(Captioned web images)
* * * * * * *

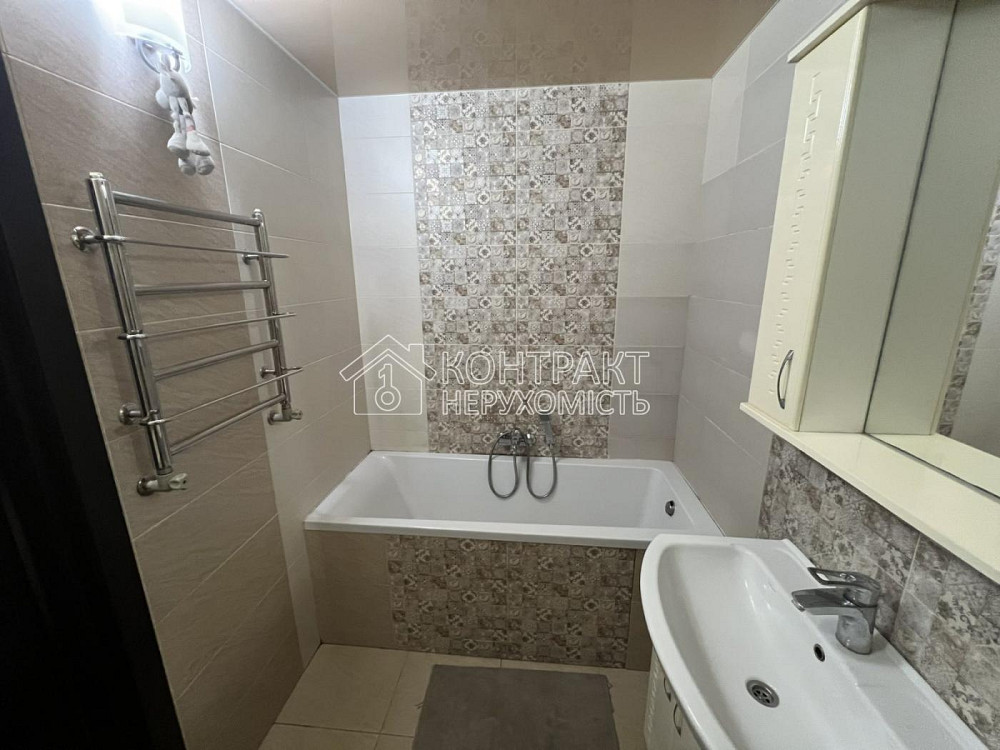 Продаж Квартира 3-кімнатна, 2/5 поверх на вул. Південна Ізюм - фото 13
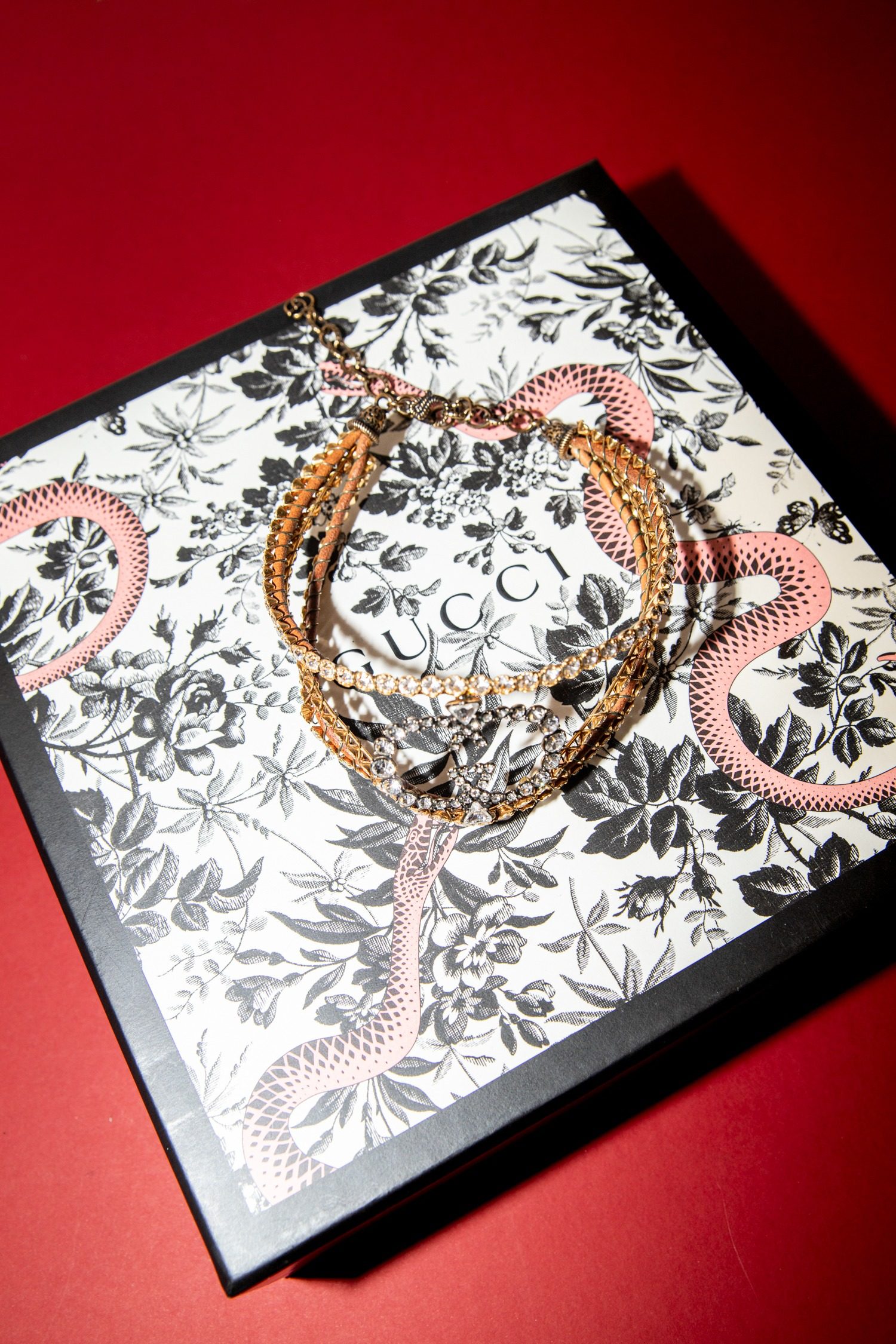 Thumbnail of http://MCM%20Patricia%20Portemonnaie%20zum%20Umhängen%20in%20Rosa%20und%20Silber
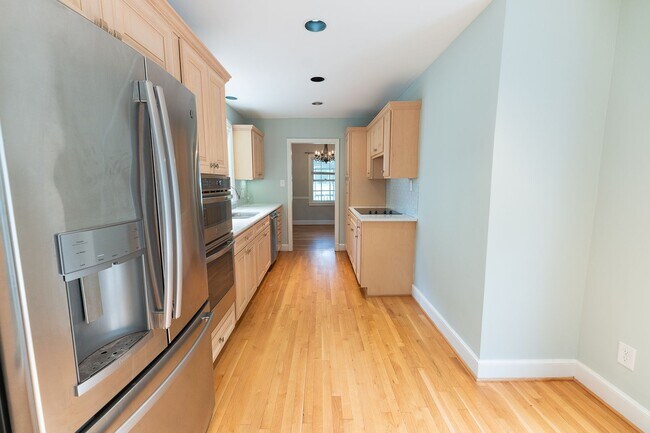 Building Photo - Lovely, Updated 3-Bedroom, 1-Bath Home in Greensboro w/ Fenced Yard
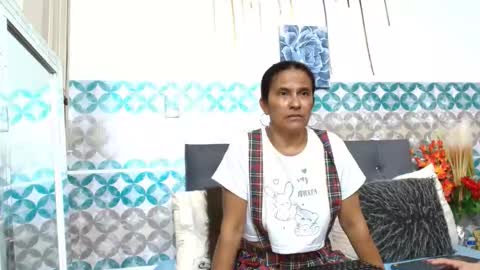 lorenaluna online show from March 3, 2026, 6:25 pm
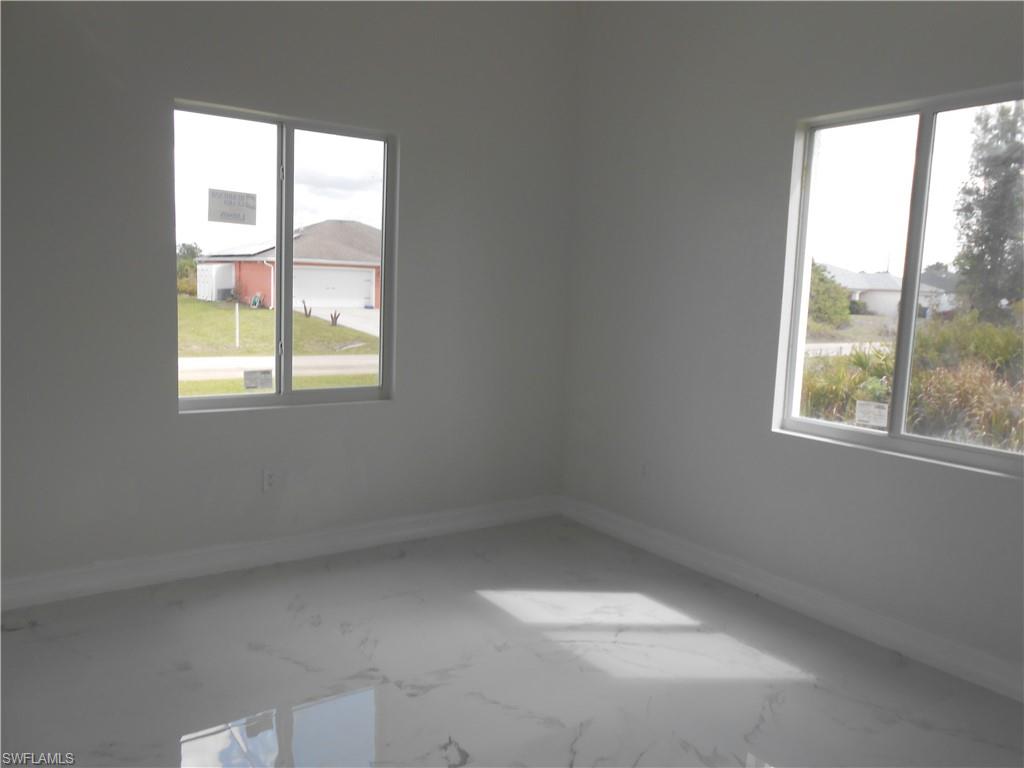 2809 55th St W Property Photo 10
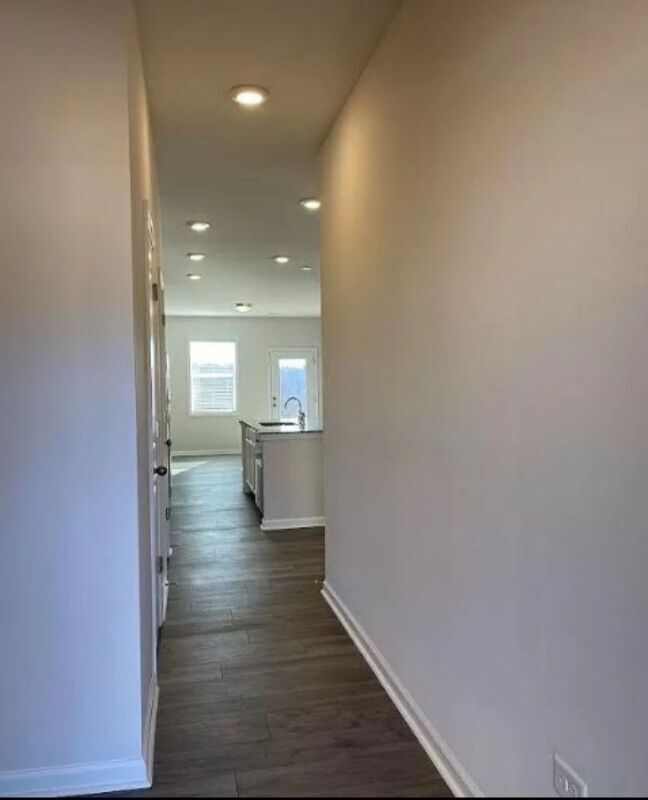 Building Photo - 300 Laurel Pk Dr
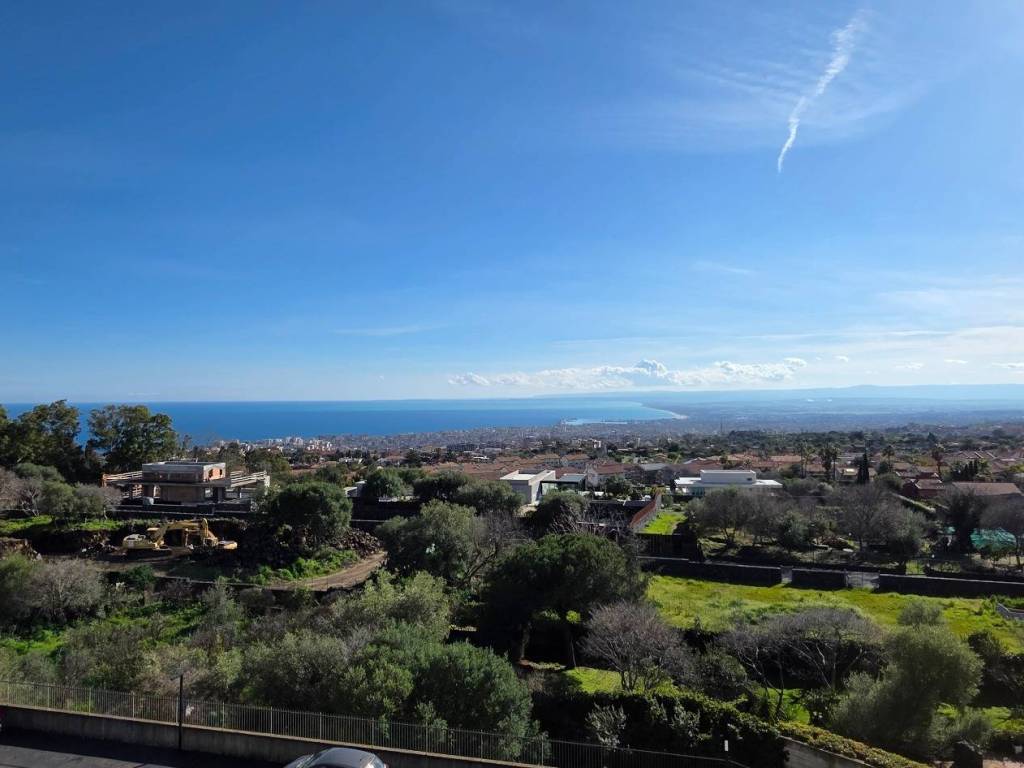 casa indipendente in vendita a San Giovanni la Punta in zona Trappeto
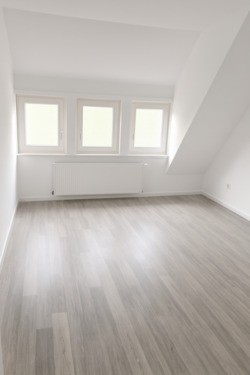 Foto - 4 Zimmer Wohnung - Renoviert - - 365,00 EUR Kaltmiete,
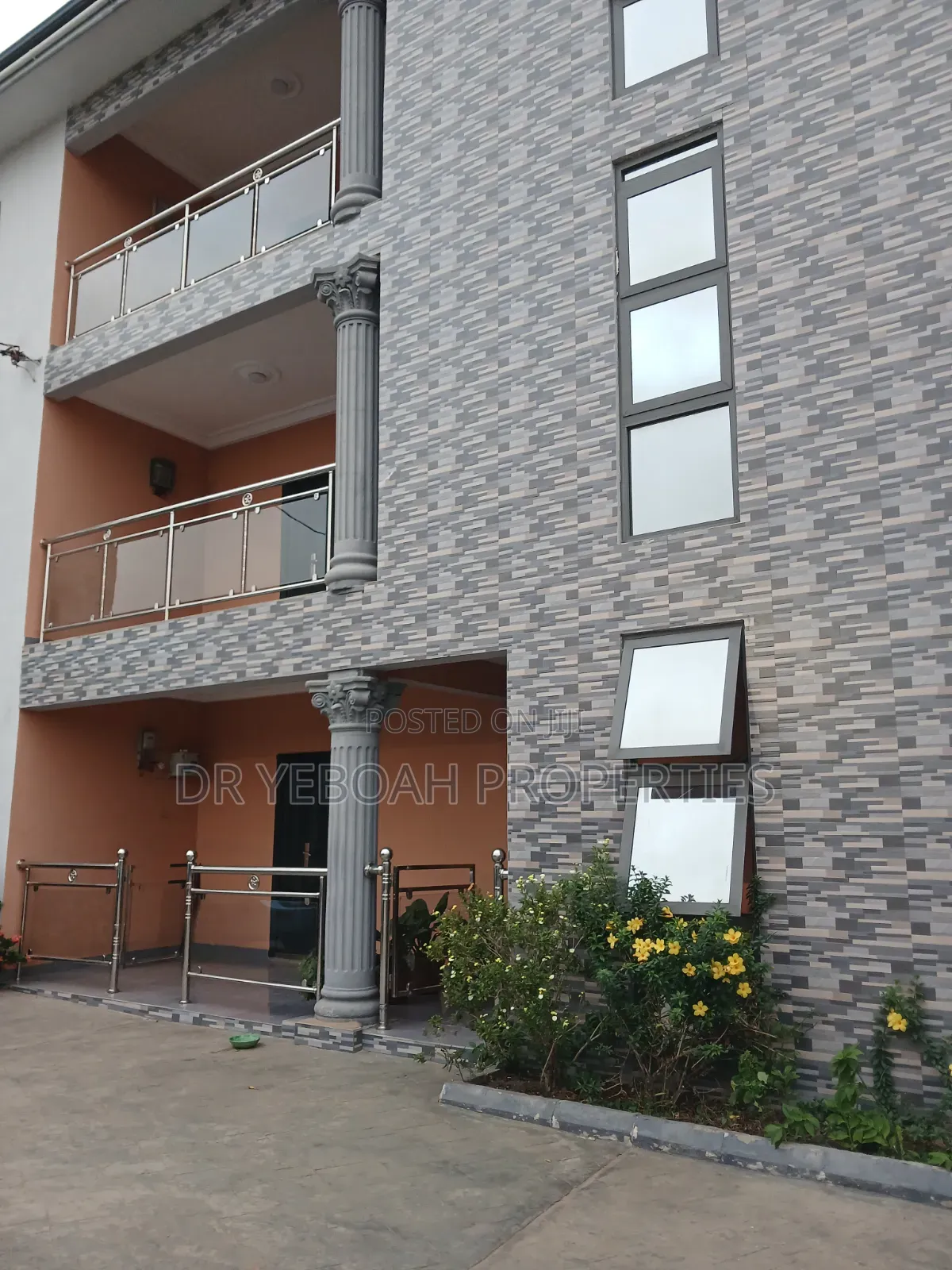 3bdrm Apartment in Spintex Agblezaa :-, Manet Court for rent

* * * * * * *

**Exercise prompt**
After dropping the pictures, reproduce exactly the lines from the first line of the entries through the line containing "Foto - 4 Zimmer", both included.

**Response area**
 Продаж Квартира 3-кімнатна, 2/5 поверх на вул. Південна Ізюм - фото 13
 Thumbnail of http://MCM%20Patricia%20Portemonnaie%20zum%20Umhängen%20in%20Rosa%20und%20Silber
 Building Photo - Lovely, Updated 3-Bedroom, 1-Bath Home in Greensboro w/ Fenced Yard
 lorenaluna online show from March 3, 2026, 6:25 pm
 2809 55th St W Property Photo 10
 Building Photo - 300 Laurel Pk Dr
 casa indipendente in vendita a San Giovanni la Punta in zona Trappeto
 Foto - 4 Zimmer Wohnung - Renoviert - - 365,00 EUR Kaltmiete,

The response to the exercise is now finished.